Le cinéaste allemand Werner Herzog a présenté public de la Berlinale la série documentaire Death Row, deuxième round de son combat contre la peine de mort aux États-Unis entamé l'an dernier avec Into The Abyss.

Dans Into the Abyss Herzog se focalisait sur un fait divers, mais avec Death Row -- quatre documentaires de 47 minutes chacun diffusés intégralement lundi soir --, il a voulu élargir sa réflexion.

«Il n'y a aucun débat possible sur le fait qu'un être humain ne devrait pas pouvoir être exécuté par un État, quelle qu'en soit la raison», a-t-il martelé lors d'un débat avec le public au terme de la projection.

Et pour exposer clairement son combat, il a choisi des affaires qui n'ont rien à voir avec des enfants de coeur ou de victimes d'erreur judiciaire.

«J'ai essayé d'étudier les affaires, mais aussi les personnalités, pour avoir une sorte d'éventail de possibilités», a-t-il raconté. «Tourner un documentaire (...) c'est très semblable au tournage d'un film, il faut avoir la bonne distribution».

Le premier criminel présenté, James Barnes, a été condamné pour deux meurtres dont celui de sa femme, il en a revendiqué deux autres, et laissé entendre qu'il avait commis d'autres crimes impunis. Il a tout du tueur en série de films hollywoodiens, intelligents, sans remords, manipulateur.

À lui comme aux autres, Herzog explique dès les premières secondes qu'il n'est pas venu pour les défendre et qu'il n'est pas obligé de les aimer non plus.

Il replace ses sujets dans leur parcours, leur vie, pour montrer que si leurs méfaits sont monstrueux, eux ne sont pas pour autant des monstres.

Il reprend ainsi une procureure qui lui reproche de vouloir «humaniser» Linda Carty, une femme qui a tué sa voisine pour lui voler son enfant: «je n'ai pas à l'humaniser, c'est un être humain, point final».
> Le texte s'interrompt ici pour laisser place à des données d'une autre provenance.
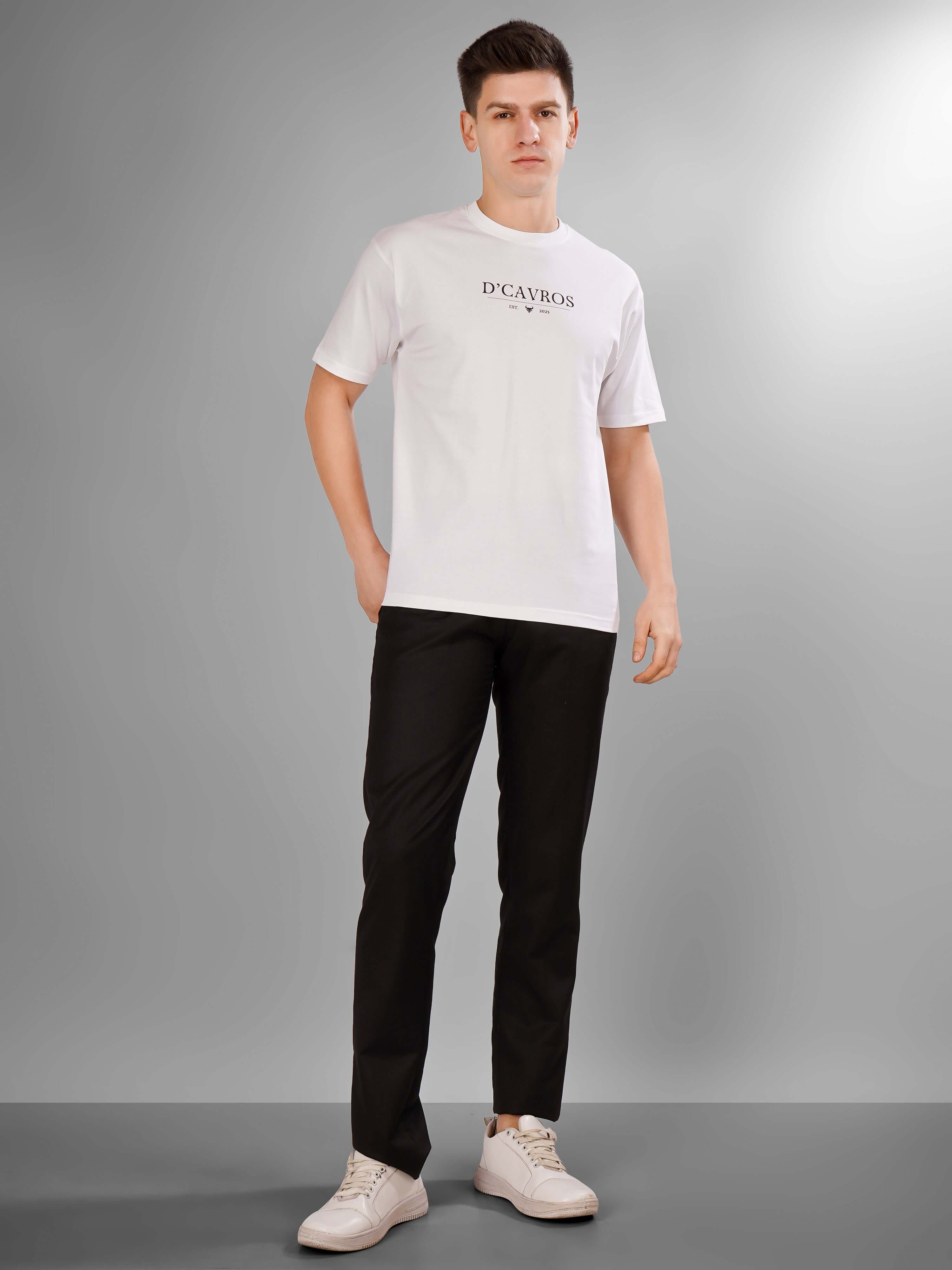 Man wearing Solid Logo for Men a white D'Cavros T-shirt with a bold black printed logo on the chest, paired with black pants and white sneakers, standing against a plain grey background.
Ces manières directes ont créé un bon contact avec les détenus du couloir de la mort, a assuré le réalisateur.

Contrairement à leurs avocats, qui tente de les rassurer, ou à leurs familles, souvent éplorées, «ils m'ont tous apprécié parce que j'étais si franc (...) même s'il y avait bien sûr aussi le risque que l'entretien s'achève au bout de deux minutes», a-t-il reconnu.
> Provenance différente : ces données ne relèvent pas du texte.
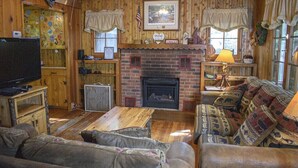 Une chambre confortable, aménagée dans le style d’un chalet, avec une cheminée, des murs en bois, un canapé et un téléviseur.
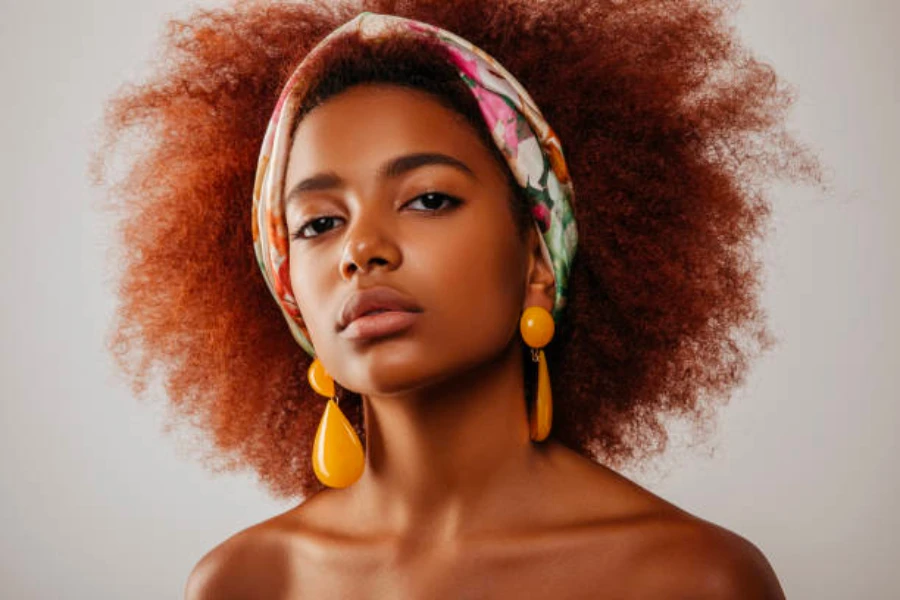 Femme portant un foulard et des boucles d'oreilles orange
Herzog a tourné au Texas et en Floride, deux des 16 États américains qui pratiquent activement la peine de mort -- contrairement à 18 autres dans lesquels elle existe sans être appliquée --, car ils sont ouverts vis-à-vis des médias.

Les entretiens avaient des contraintes strictes: «nous avions dix minutes pour mettre la caméra en place, et 50 pour parler» au condamné. «Il fallait trouver le ton juste tout de suite ou cela risquait de rater».

Cela lui permet de recueillir des témoignages forts, comme celle de George Rivas, qui voit son exécution prochaine pour le meurtre d'un policier lors d'une cavale comme «une libération» à côté des 31 condamnations à perpétuité qu'il purgeait auparavant.

Paradoxalement, ce ne sont pas les tournages en milieu carcéral, parfois à travers une vitre, un grillage, ou par le biais d'un téléphone, qui ont été le plus difficile, a-t-il également révélé.

«C'est seulement quand vous vous asseyez pour faire le montage que tout d'un coup, vous avez le temps, et vous regardez tout, et c'est là que ça vous frappe de plein fouet», a poursuivi Herzog.

Son monteur habituel et lui ne pouvaient travailler que «cinq heures par jour au lieu de huit habituellement» sur les autres productions. Et malgré toute la distance mise avec son sujet, «ce n'est pas comme si cela ne laissait pas de traces».